Large Speculators follow the trend, while Small Savers are not sure what they are doing.
3 hours and 25': it is the Commercial that sets the Market. This is a tool for trading, but not for timing.
3 hours and 41': takes this week's close, minus the close of 13 weeks before (should be a weekly chart) and then transforms it on a percentage basis; if it
drops below 18% it is time to buy; it does not give sell signals, only buy signals.
From 3 hours and 44' to 5 hours and 14': break that can be avoided.
5 hours and 38': investing 2% of the capital for each trade, in case of 4 losing trades, I lose only 8% of the total capital.
According to Larry, the best percentage is between 2% and 3% of your capital.

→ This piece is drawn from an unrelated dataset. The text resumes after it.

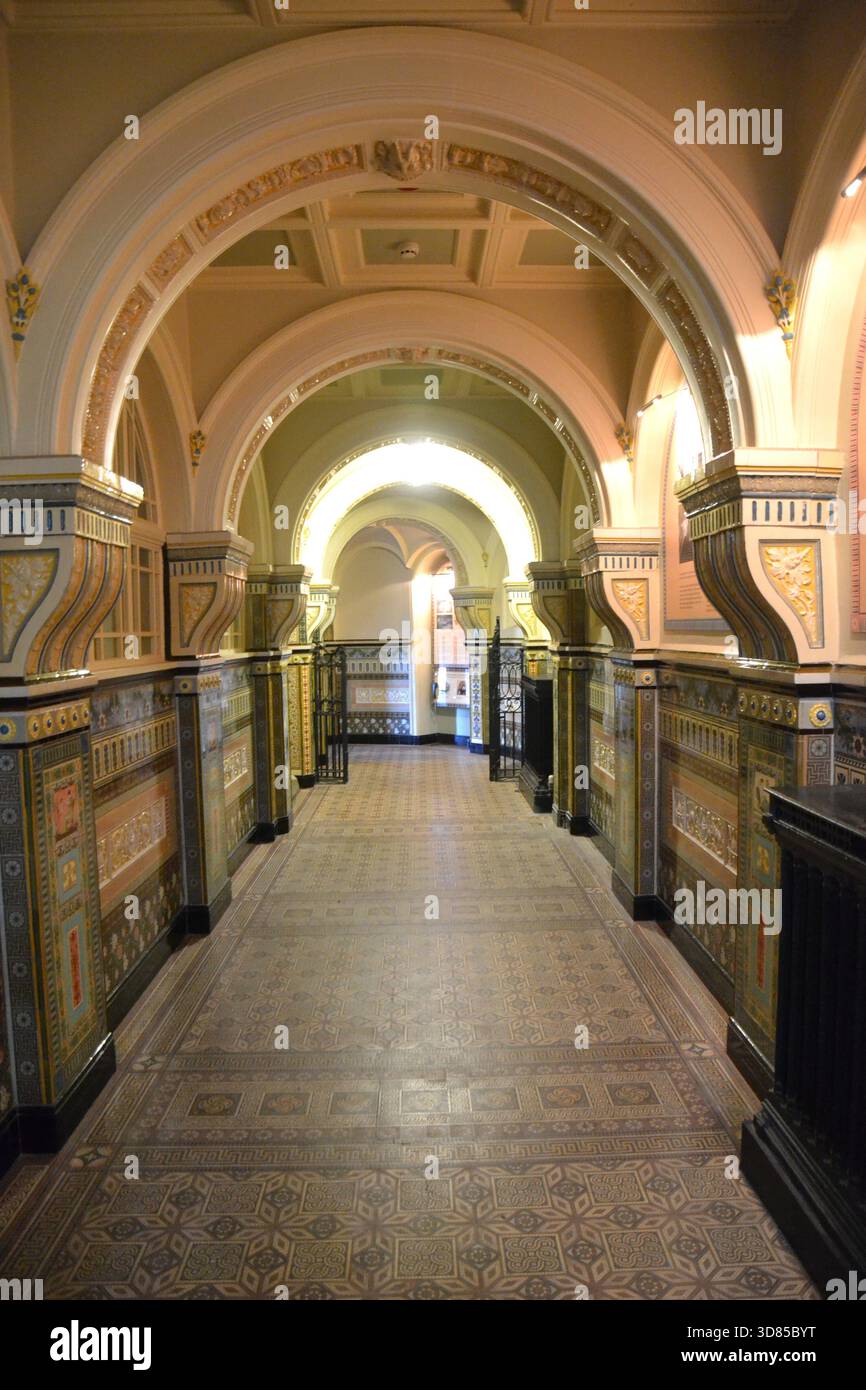 Corridoio piastrellato presso il Museo di Cardiff, tutto su Cardiff, Old Library Building, Cardiff City Centre, Galles del Sud, REGNO UNITO Foto Stock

5 hours and 40': correlations between different markets often do not work (e.g. if stocks fall gold should rise, instead in many cracks this did not happen).
this has not happened).
5 hours and 53': there are days when it is convenient to invest in the Bond Market (Strategy Bonds), at 5 hours and 58' the best and worst months.

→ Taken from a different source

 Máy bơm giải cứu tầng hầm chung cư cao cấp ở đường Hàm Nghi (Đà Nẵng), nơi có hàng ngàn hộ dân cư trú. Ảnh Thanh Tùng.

5 hours and 59': the best days and months for the Gold Market, for the Eminis, and especially the rules of some Trading System on the Eminis, with
a 90% success rate
6 hours and 5': trading before some holidays: Christmas (especially the day before Christmas), over the past 36 years in Bonds the success rate has
91.67%; before New Year, before Thanksgiving.
6 hours and 10': Long trades work better than Short ones, in all the Markets I have studied. Stops that are too small cause less gains.
6 hours and 15': 4 ways to lose; statistics of 8 patterns.
From 6 hours and 27' up to 6 hours and 32': best days of the week, especially tuesday if the close is lower than the day before.
Lumber: important indicator, better than Tuesday; if > 7 days ago, and if ES < yesterday.
Ideal ES Pattern: Close < Close 8 days ago and Close > 15 days ago.